Chain letters are also not allowed. "Guinness World Records does not accept any records relating to chain letters, sent by post or e-mail. If you receive a letter or an e-mail, which may promise to publish the names of all those who send it on, please destroy it, it is a hoax. No matter if it says that Guinness World Records and the postal service are involved, they are not.
In 1976, a Guinness Book of World Records Exhibit Hall was opened on the lower concourse of the Empire State Building. Speed shooter Bob Munden was on tour promoting the Guinness World Record series of Dixie cups and set a new speed record, drawing, cocking, and firing a single-action revolver in .02 seconds. Among other exhibits were life-size statues of the world's tallest man (Robert Wadlow) and world's largest earth worm, an X-ray photo of a sword swallower, repeated lightning strike victim Roy Sullivan's hat complete with lightning holes and a pair of gem-studded golf shoes for sale for $6500. That exhibit closed several years ago.

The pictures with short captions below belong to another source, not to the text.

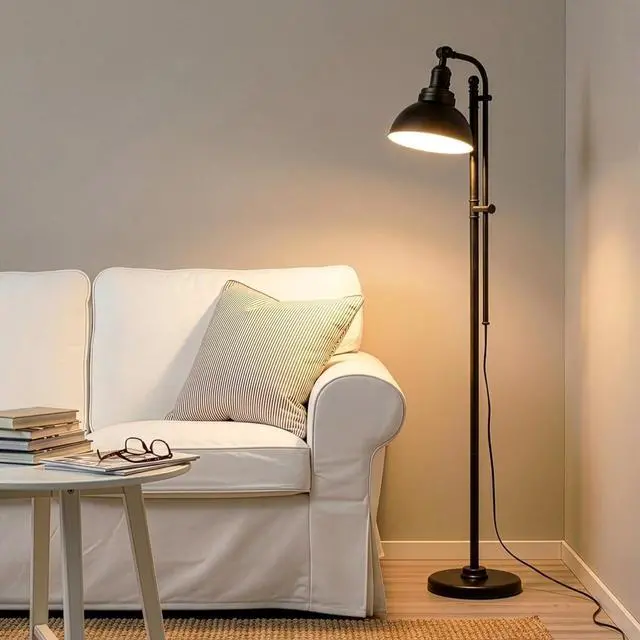 Alt view image 7 of 7 - Brightech Dylan Industrial Floor Lamp for Living Rooms & Offices, Bright LED Light Charming Farmhouse Standing Lamp, Adjustable Head Reading for Bedroom, Stunning Living Room Decor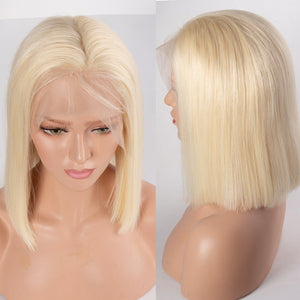 Brazilian Virgin Unprocessed Human Hair Lace Frontal  Straight 613 Bob Wig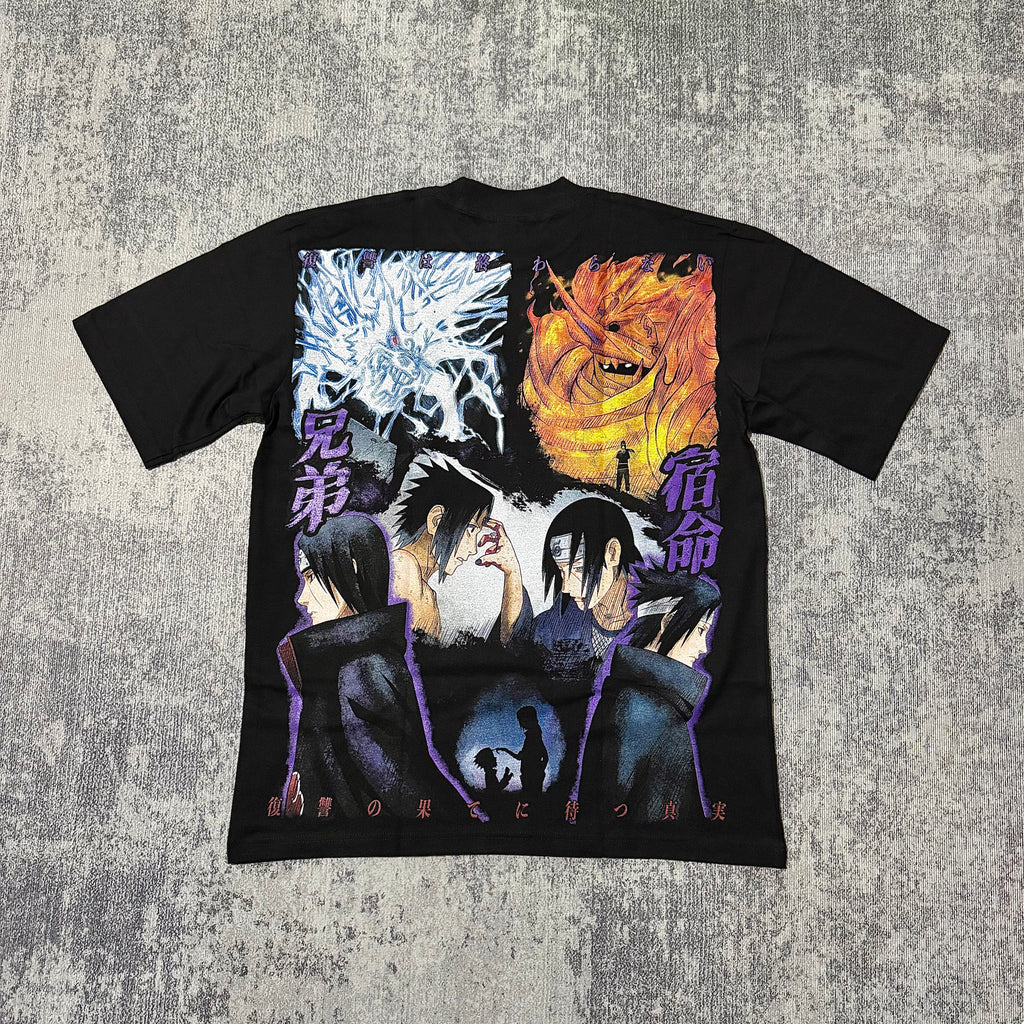 Naruto - Sasuke Smiling Curse - Black T-Shirt back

In more recent years the Guinness company has permitted the franchising of small museums with displays based on the book, all currently (as of 2008) located in towns popular with tourists: Tokyo, Copenhagen, San Antonio, Niagara Falls, Hollywood and Gatlinburg, Tennessee, with a new location scheduled to open in Bangalore, India.
There were once Guinness World Records exhibitions at the Trocadero in London, Surfers Paradise, San Francisco, Atlantic City, New Jersey and Myrtle Beach, South Carolina, but these locations have closed.
While some displays are dramatic, like the statues of the world's tallest and shortest people, or videos of records being broken, much of the information is presented simply with text and photos.
Guinness World Records has commissioned various television series documenting world record breaking attempts, including:
With the popularity of reality television, GWR began to market itself as the originator of the television genre, with slogans such as 'we wrote the book on Reality TV'.
In 2008, Guinness World Records released their long awaited gamer's edition in association with Twin Galaxies. The Gamer's Edition contains 258 pages, over 1236 video game related world records and four interviews including one with Twin Galaxies founder Walter Day.